The Rayleigh distribution is often used where two orthogonal components
have an absolute value,
for example, wind velocity and direction may be combined to yield a wind speed,
or real and imaginary components may have absolute values that are Rayleigh distributed.
The following graph illustrates how the Probability density Function(pdf) varies with the shape parameter [sigma]:
[graph rayleigh_pdf]
and the Cumulative Distribution Function (cdf)
[graph rayleigh_cdf]
[h4 Related distributions]
The absolute value of two independent normal distributions X and Y, [radic] (X[super 2] + Y[super 2])
is a Rayleigh distribution.
The [@http://en.wikipedia.org/wiki/Chi_distribution Chi],
[@http://en.wikipedia.org/wiki/Rice_distribution Rice]

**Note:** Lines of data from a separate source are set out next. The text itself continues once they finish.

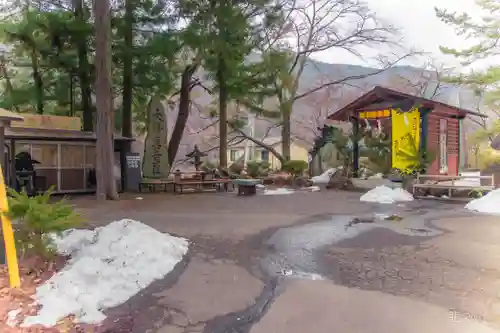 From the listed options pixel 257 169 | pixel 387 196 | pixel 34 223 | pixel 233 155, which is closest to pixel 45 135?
pixel 257 169

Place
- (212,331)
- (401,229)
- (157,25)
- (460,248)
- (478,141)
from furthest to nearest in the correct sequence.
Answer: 1. (157,25)
2. (478,141)
3. (401,229)
4. (460,248)
5. (212,331)

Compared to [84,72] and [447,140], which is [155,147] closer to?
Result: [84,72]

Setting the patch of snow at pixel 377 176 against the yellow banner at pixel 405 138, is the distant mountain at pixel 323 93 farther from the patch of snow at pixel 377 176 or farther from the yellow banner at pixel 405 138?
the yellow banner at pixel 405 138

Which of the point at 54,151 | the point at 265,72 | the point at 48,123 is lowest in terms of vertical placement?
the point at 54,151

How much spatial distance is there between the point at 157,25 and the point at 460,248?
13.7 m

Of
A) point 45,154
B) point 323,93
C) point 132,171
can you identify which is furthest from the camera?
point 323,93

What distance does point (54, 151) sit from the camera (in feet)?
42.6

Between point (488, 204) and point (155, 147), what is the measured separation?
32.0 ft

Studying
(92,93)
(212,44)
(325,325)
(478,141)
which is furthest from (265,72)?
(325,325)

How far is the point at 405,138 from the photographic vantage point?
13852 mm

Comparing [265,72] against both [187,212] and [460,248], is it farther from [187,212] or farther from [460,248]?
[460,248]

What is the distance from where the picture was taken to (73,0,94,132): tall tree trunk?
1445 cm

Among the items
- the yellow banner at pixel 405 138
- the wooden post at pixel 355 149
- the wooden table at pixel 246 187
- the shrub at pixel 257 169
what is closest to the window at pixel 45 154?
the wooden table at pixel 246 187

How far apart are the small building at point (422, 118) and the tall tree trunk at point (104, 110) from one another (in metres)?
8.65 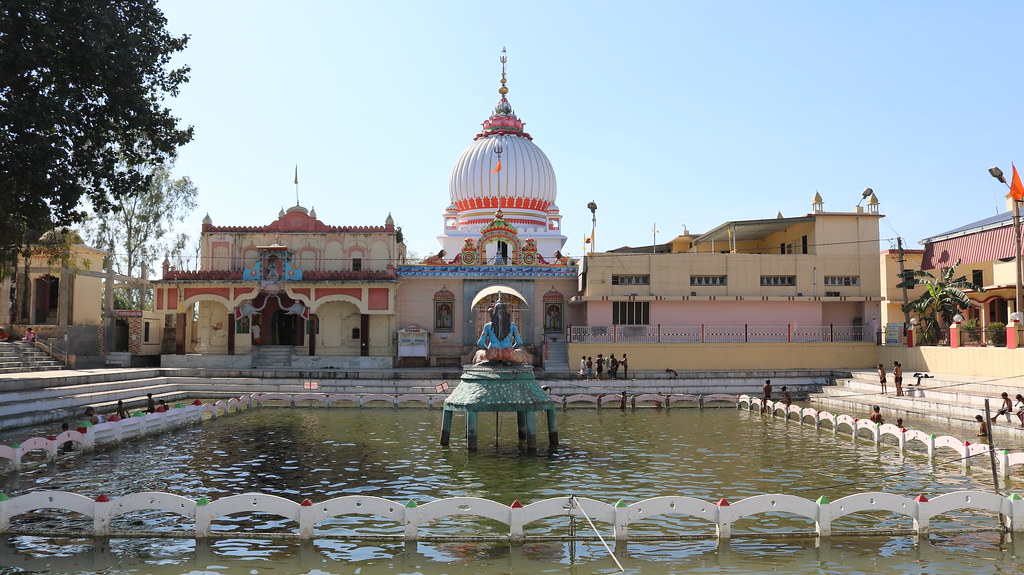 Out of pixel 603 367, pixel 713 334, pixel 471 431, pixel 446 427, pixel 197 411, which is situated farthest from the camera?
pixel 713 334

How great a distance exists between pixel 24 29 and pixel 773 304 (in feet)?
99.7

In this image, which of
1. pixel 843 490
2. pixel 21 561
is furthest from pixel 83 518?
pixel 843 490

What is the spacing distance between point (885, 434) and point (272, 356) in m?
26.4

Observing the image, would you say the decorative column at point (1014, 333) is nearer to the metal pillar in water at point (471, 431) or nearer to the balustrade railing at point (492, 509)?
the balustrade railing at point (492, 509)

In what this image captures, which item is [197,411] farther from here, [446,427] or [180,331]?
[180,331]

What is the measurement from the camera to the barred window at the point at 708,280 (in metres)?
36.4

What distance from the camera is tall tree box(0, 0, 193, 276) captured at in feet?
57.8

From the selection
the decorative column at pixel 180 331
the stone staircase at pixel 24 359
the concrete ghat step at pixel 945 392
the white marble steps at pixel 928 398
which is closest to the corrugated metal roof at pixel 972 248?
the white marble steps at pixel 928 398

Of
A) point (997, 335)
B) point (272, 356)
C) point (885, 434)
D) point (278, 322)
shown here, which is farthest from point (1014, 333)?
point (278, 322)

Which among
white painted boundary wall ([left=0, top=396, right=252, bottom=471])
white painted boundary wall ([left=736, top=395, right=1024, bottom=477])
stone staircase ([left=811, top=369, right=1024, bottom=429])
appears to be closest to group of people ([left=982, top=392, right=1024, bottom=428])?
stone staircase ([left=811, top=369, right=1024, bottom=429])

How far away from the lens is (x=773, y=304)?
36.5 metres

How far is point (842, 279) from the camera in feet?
121

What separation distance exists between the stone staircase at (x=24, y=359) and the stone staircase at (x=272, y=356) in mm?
7996

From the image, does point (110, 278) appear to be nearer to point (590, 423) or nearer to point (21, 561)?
point (590, 423) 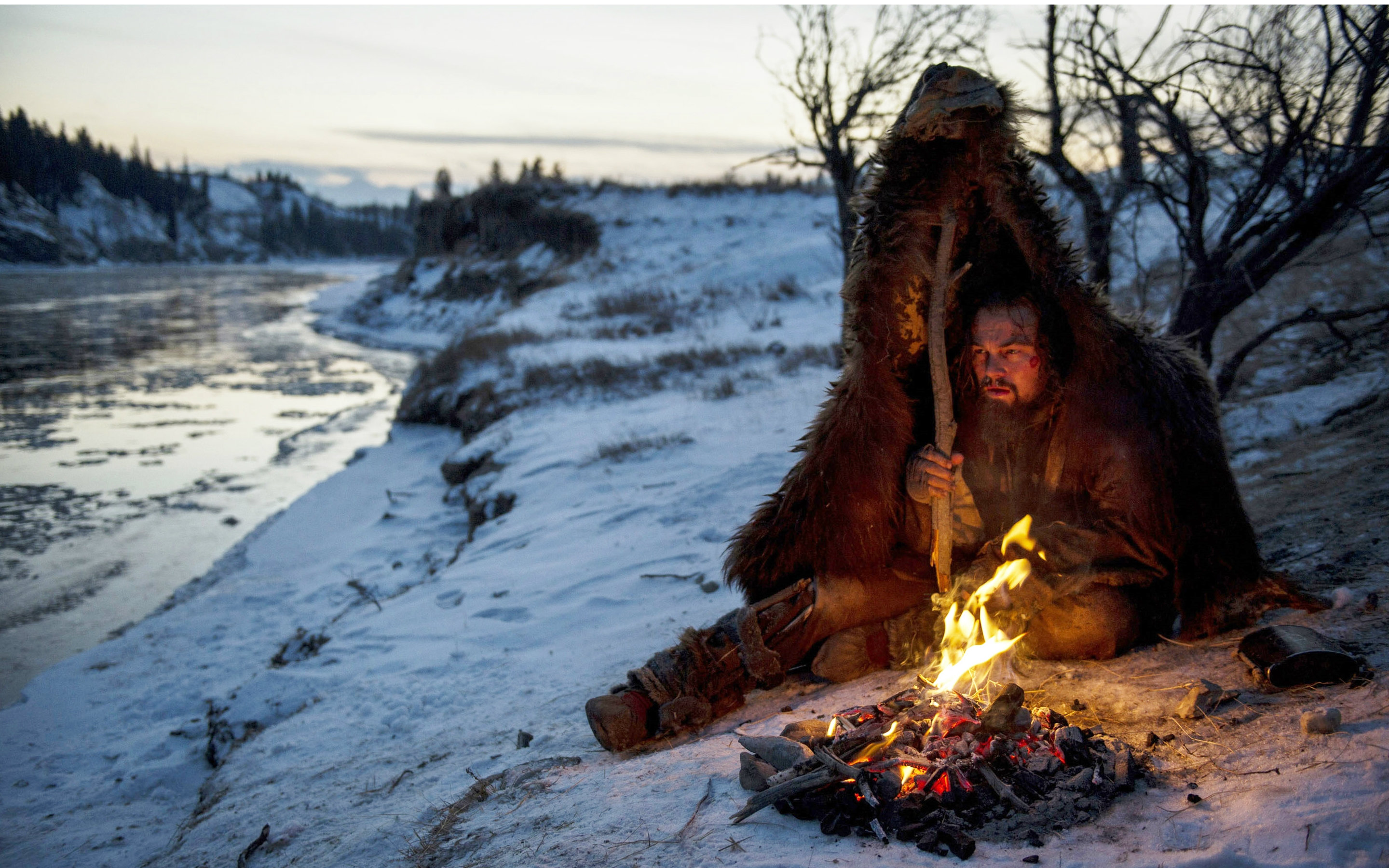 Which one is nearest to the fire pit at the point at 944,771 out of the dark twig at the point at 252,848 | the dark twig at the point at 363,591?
the dark twig at the point at 252,848

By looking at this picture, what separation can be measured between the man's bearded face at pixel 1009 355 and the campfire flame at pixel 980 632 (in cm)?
50

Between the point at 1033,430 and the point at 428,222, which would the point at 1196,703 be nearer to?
the point at 1033,430

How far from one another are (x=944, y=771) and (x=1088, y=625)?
40.0 inches

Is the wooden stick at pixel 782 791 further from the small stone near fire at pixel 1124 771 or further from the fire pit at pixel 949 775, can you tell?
the small stone near fire at pixel 1124 771

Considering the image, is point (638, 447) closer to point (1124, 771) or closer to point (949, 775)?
point (949, 775)

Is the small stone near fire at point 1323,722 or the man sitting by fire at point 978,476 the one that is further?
the man sitting by fire at point 978,476

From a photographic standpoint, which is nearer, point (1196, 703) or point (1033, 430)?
point (1196, 703)

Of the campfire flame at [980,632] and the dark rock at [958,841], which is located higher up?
the campfire flame at [980,632]

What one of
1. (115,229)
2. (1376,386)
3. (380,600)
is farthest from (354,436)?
(115,229)

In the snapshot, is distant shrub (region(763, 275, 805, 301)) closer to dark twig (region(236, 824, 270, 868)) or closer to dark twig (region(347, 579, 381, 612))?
dark twig (region(347, 579, 381, 612))

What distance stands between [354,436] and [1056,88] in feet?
32.7

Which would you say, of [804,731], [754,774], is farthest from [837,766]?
[804,731]

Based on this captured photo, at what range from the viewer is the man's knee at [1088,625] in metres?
2.78

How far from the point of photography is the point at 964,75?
2559mm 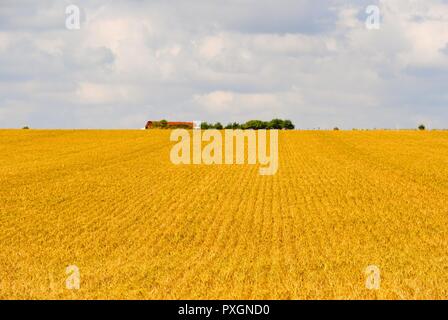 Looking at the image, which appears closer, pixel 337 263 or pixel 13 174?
pixel 337 263

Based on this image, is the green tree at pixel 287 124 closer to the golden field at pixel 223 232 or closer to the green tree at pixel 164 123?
the green tree at pixel 164 123

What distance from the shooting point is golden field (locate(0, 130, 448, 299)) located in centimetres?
1143

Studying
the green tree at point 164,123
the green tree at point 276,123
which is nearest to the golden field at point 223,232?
the green tree at point 164,123

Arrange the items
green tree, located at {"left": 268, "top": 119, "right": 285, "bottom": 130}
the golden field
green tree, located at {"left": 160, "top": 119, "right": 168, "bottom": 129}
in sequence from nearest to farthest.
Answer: the golden field, green tree, located at {"left": 160, "top": 119, "right": 168, "bottom": 129}, green tree, located at {"left": 268, "top": 119, "right": 285, "bottom": 130}

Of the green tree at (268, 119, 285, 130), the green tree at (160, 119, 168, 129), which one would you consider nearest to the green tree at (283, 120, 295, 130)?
the green tree at (268, 119, 285, 130)

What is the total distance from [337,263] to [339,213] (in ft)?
21.8

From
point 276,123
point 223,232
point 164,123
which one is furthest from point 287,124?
point 223,232

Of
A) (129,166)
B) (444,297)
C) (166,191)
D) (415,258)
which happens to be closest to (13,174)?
(129,166)

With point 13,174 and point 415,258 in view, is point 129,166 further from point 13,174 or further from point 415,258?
point 415,258

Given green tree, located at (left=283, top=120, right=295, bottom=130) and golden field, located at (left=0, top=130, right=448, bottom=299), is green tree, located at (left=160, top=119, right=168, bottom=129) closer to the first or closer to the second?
green tree, located at (left=283, top=120, right=295, bottom=130)

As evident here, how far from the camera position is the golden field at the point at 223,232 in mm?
11430

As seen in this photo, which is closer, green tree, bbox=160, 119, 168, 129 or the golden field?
the golden field

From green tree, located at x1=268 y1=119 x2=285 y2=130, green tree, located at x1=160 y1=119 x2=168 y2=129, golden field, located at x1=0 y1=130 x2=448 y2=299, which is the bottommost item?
golden field, located at x1=0 y1=130 x2=448 y2=299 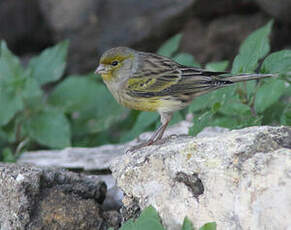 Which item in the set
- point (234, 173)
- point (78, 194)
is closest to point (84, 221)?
point (78, 194)

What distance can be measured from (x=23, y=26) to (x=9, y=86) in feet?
9.06

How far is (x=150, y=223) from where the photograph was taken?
3.17 m

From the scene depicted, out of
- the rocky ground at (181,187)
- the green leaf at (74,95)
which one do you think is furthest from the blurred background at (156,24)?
the rocky ground at (181,187)

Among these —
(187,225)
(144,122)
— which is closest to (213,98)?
(144,122)

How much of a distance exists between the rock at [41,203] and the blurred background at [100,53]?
123 cm

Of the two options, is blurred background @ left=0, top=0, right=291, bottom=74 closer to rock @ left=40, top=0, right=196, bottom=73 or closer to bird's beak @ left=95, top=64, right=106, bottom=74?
rock @ left=40, top=0, right=196, bottom=73

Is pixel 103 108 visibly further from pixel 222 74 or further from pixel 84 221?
pixel 84 221

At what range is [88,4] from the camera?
7613 millimetres

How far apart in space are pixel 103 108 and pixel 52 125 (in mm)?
901

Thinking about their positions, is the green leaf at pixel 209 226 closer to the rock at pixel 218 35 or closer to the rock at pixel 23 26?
the rock at pixel 218 35

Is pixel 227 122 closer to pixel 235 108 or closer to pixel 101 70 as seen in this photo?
pixel 235 108

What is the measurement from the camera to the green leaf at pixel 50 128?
583 centimetres

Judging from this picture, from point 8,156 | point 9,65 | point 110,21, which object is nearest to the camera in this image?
point 8,156

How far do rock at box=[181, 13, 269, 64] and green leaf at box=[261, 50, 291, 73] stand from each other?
325 cm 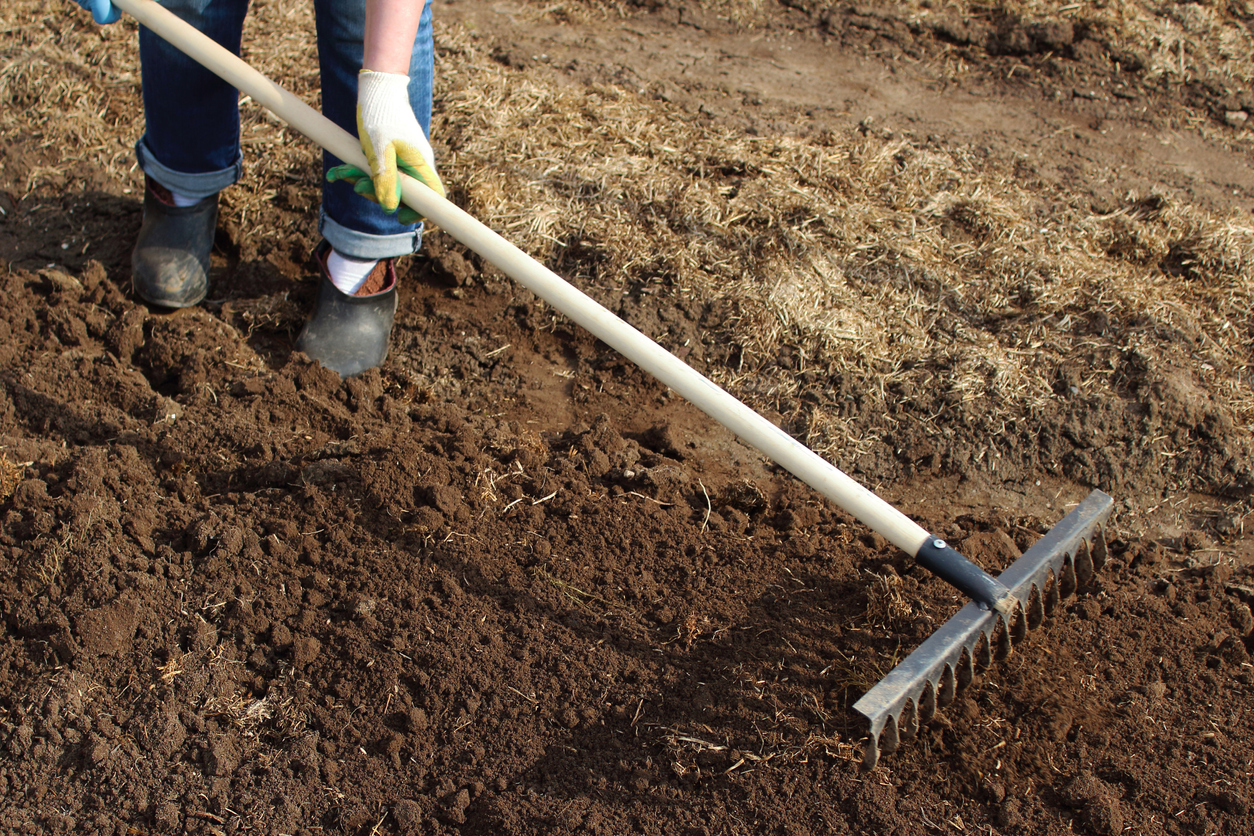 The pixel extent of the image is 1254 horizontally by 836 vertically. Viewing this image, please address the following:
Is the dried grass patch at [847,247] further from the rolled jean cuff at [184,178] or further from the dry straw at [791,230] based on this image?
the rolled jean cuff at [184,178]

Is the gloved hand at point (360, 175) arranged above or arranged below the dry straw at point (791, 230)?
above

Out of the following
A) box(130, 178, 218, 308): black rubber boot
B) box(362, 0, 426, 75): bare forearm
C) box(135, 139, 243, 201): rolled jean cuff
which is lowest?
box(130, 178, 218, 308): black rubber boot

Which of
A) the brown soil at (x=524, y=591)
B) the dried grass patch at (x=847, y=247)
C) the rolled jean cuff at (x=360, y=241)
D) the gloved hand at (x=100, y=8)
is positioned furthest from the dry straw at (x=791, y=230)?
the gloved hand at (x=100, y=8)

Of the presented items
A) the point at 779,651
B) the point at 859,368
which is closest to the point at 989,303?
the point at 859,368

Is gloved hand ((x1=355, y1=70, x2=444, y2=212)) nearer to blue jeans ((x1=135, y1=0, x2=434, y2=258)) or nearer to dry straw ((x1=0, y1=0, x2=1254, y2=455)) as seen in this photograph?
blue jeans ((x1=135, y1=0, x2=434, y2=258))

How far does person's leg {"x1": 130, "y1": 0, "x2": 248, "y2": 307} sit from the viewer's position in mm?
2988

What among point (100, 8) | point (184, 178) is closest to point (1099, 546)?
point (184, 178)

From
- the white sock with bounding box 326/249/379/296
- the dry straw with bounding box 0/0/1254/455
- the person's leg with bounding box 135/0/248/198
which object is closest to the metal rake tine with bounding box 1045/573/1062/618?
the dry straw with bounding box 0/0/1254/455

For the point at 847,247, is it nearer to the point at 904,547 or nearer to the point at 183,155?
the point at 904,547

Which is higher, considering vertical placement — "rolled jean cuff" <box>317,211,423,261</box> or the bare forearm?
the bare forearm

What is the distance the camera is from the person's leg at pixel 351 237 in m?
2.78

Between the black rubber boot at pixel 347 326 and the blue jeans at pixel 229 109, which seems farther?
the black rubber boot at pixel 347 326

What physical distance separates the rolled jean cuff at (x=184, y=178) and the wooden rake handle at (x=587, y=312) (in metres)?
0.62

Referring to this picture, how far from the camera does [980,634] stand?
2.16m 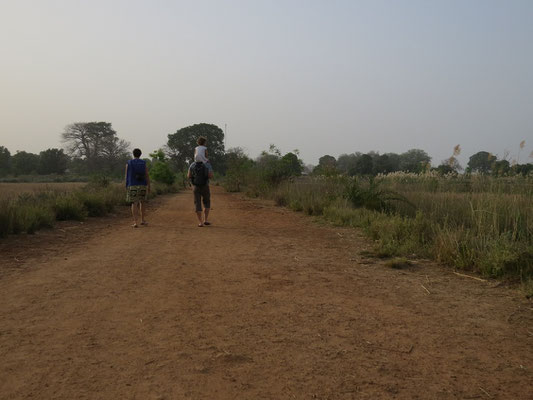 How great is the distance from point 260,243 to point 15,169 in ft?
178

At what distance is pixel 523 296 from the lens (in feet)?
13.6

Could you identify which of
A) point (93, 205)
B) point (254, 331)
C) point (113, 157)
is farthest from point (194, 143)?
point (254, 331)

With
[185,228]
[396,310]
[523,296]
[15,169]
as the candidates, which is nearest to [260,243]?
[185,228]

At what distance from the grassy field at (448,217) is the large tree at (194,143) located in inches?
2065

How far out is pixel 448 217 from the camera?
24.9 feet

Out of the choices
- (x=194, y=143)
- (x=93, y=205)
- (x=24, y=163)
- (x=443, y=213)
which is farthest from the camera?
(x=194, y=143)

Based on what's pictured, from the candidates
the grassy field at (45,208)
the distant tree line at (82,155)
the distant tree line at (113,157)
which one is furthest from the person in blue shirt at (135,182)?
the distant tree line at (82,155)

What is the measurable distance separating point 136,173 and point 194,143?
5635 centimetres

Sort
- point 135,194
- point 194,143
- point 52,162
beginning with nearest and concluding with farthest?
point 135,194, point 52,162, point 194,143

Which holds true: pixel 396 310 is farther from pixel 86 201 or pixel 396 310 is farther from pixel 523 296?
pixel 86 201

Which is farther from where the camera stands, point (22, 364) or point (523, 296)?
point (523, 296)

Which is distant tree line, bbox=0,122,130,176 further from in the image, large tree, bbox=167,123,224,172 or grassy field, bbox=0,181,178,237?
grassy field, bbox=0,181,178,237

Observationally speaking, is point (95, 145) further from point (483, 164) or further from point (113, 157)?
point (483, 164)

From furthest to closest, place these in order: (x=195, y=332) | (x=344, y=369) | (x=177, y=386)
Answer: (x=195, y=332) → (x=344, y=369) → (x=177, y=386) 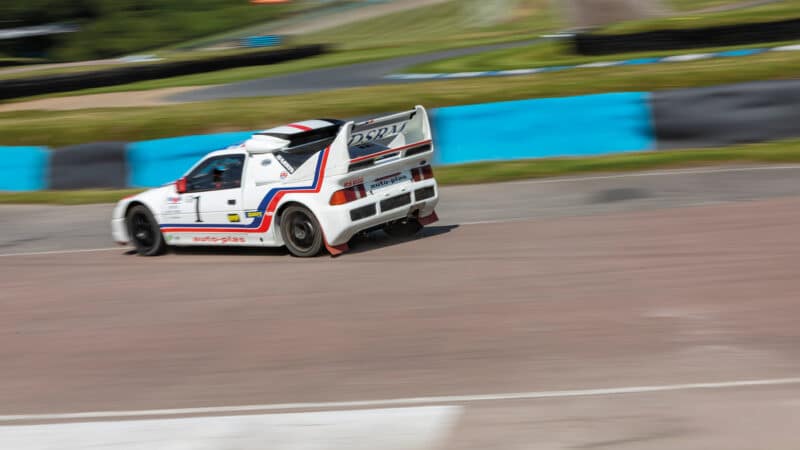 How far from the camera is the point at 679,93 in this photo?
15.1 metres

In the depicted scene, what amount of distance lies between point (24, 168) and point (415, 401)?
13940 millimetres

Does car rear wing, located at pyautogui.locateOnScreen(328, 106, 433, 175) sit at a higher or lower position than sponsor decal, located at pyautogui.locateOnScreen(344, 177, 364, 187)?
higher

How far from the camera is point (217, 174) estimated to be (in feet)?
37.5

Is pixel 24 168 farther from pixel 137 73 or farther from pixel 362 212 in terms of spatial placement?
pixel 137 73

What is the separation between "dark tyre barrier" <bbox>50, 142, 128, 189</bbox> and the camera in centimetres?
1741

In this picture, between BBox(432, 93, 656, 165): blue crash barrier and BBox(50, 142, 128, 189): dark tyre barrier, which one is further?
BBox(50, 142, 128, 189): dark tyre barrier

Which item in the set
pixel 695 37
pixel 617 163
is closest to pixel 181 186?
pixel 617 163

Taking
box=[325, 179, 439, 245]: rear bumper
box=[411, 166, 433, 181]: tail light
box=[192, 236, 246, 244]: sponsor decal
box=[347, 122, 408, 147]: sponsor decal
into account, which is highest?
box=[347, 122, 408, 147]: sponsor decal

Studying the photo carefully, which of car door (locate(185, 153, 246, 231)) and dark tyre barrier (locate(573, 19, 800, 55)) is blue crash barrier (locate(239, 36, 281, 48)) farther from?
car door (locate(185, 153, 246, 231))

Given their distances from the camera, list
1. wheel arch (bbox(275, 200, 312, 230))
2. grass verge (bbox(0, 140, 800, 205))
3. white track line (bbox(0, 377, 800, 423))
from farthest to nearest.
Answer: grass verge (bbox(0, 140, 800, 205))
wheel arch (bbox(275, 200, 312, 230))
white track line (bbox(0, 377, 800, 423))

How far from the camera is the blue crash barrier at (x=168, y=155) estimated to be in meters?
16.7

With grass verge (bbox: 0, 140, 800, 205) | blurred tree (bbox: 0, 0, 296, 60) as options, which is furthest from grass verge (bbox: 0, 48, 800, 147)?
blurred tree (bbox: 0, 0, 296, 60)

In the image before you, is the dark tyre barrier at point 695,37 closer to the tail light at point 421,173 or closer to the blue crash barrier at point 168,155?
the blue crash barrier at point 168,155

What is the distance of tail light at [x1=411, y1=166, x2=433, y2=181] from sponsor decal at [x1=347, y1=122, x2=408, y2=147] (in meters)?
0.45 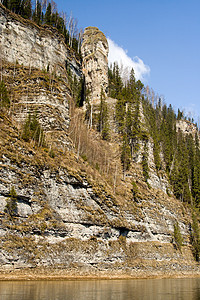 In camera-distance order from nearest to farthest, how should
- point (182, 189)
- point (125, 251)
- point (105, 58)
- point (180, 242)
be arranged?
point (125, 251)
point (180, 242)
point (182, 189)
point (105, 58)

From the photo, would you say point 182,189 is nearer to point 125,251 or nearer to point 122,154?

and [@http://en.wikipedia.org/wiki/Weibull_distribution Weibull] distributions are generalizations of the
[@http://en.wikipedia.org/wiki/Rayleigh_distribution Rayleigh distribution].
[h4 Member Functions]
BOOST_MATH_GPU_ENABLED rayleigh_distribution(RealType sigma = 1);
Constructs a [@http://en.wikipedia.org/wiki/Rayleigh_distribution
Rayleigh distribution] with [sigma] /sigma/.
Requires that the [sigma] parameter is greater than zero,
otherwise calls __domain_error.
BOOST_MATH_GPU_ENABLED RealType sigma()const;
Returns the /sigma/ parameter of this distribution.
[h4 Non-member Accessors]
All the [link math_toolkit.dist_ref.nmp usual non-member accessor functions] that are generic to all
distributions are supported: __usual_accessors.
For this distribution all non-member accessor functions are marked with `BOOST_MATH_GPU_ENABLED` and can
be run on both host and device.
The domain of the random variable is \[0, max_value\].
In this distribution the implementation of both `logcdf`, and `logpdf` are specialized
to improve numerical accuracy.
[h4 Accuracy]
The Rayleigh distribution is implemented in terms of the
standard library `sqrt` and `exp` and as such should have very low error rates.
Some constants such as skewness and kurtosis were calculated using
NTL RR type with 150-bit accuracy, about 50 decimal digits.
[h4 Implementation]
In the following table [sigma] is the sigma parameter of the distribution,
/x/ is the random variate, /p/ is the probability and /q = 1-p/.
[table
[[Function][Implementation Notes]]
[[pdf][Using the relation: pdf = x * exp(-x[super 2])/2 [sigma][super 2] ]]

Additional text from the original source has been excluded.